Arka sokaktaki haydutlar bile böyle davranmazdı. Bu yüzden Raon ona karşı hiç acıma bile hissetmiyordu. O, çılgın bir ejderhadan ziyade sadece bir kaybeden kertenkeleydi.
'Ancak… Bundan faydalanabilirim.'
Wrath'ın hikayesine bakılırsa, bu olay Kaibar için aşırı derecede aşağılayıcı olmuş olmalı. Zihinsel dayanıklılığını sarsmak için mükemmel bir fırsattı.
Pırlamak!
Raon, Heavenly Drive'ı yükseltti ve Ring of Fire'ı yankılattı. Aynı anda Ten Thousand Flames Cultivation ve Glacier'ı serbest bıraktı ve Aries'in arkasına saklanmayı bıraktı.
“Raon!”
“Ben de yardım edeceğim!”
Onu durdurmaya çalıştı, ancak o kendine güvenen bir gülümsemeyle karşılık verdi ve Supreme Harmony Steps'i kullandı. Çalkantılı okyanusa adım atarken Kaibar'a doğru koştu.
Pırlamak!
Raon ayak bileğini burktu ve vücudunun her yerinde dolaşan ısının patlayıcı gücünü serbest bıraktı. Gücünü ayak bileğinden uyluğundaki kaslara, ta belindeki kaslara kadar bağlarken Heavenly Drive'ı salladı.
(Boş bir çaba.)
Kaibar, Raon'un saldırısını önceden tahmin ettiğini göstermek için mavi pullarını bir mana kalkanıyla çevreledi.
'Bu mana yapısı… Beni küçümsüyor.'
Raon dişlerini sıktı ve Heavenly Drive'ı itti.

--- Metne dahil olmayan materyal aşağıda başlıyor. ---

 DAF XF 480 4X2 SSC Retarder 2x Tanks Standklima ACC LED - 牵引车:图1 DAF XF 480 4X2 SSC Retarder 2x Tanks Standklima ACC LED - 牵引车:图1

Astral enerji kullanmak yerine kılıca büyük miktarda ısı ekledi.
Çığlık!
Kaibar'ın mana kalkanını delemedi. Ancak, 500'ün üzerindeki gücüyle Kaibar'ın bedenine ve mana kalkanına çarptı.
Şak!
Kaibar'ın boynu, yüzlerce davulun aynı anda çatlamasına benzer gür bir sesle orak gibi eğildi.
(Kuaaah!)
Kaibar çığlık attı, boynu acıdan titriyordu. Büyüsünün bitmek bilmeyen saldırısı aniden durdu.
Raon kararlı bir şekilde başını salladı.
'Biliyordum.'
Kaibar'ın kullandığı kalkan, astral enerjiyle temas ettiğinde parçalanarak darbeyi etkisiz hale getiren Webber Kalkanı'ydı.
Bir aşkın olan Koç'a karşı savaşan bir Üstad'ı görmezden gelmek doğaldı.
Raon'un bu zihniyetten faydalanmasının sebebi buydu. Webber Kalkanı, aura bıçağından daha düşük bir güce karşı parçalanmazdı ve Raon, Ten Thousand Flames Cultivation'ın ısısını Heavenly Drive'ın içine iterek ve tüm kas gücünü toplayarak ona fiziksel güçle vurarak bu özellikten faydalandı.
Kaibar'ın kalkanının parçalanmamasının sebebi buydu ve Raon, Cennetsel Sürüş ile vücudunu parçalamayı başarmıştı. Sonuç, 'Yıkım Kralı' unvanı sayesinde daha da sert oldu.
'Onu şimdi köşeye sıkıştırmam lazım.'
Kaibar kendini toparlayamadı ve Raon bu fırsatı kaçırmadı. Boynuna atıldı ve Heavenly Drive'ı bir kez daha savurdu.
Pırlamak!
Kaibar, Webber Kalkanı'nı baş döndürücü durumuna rağmen bir kez daha yarattı.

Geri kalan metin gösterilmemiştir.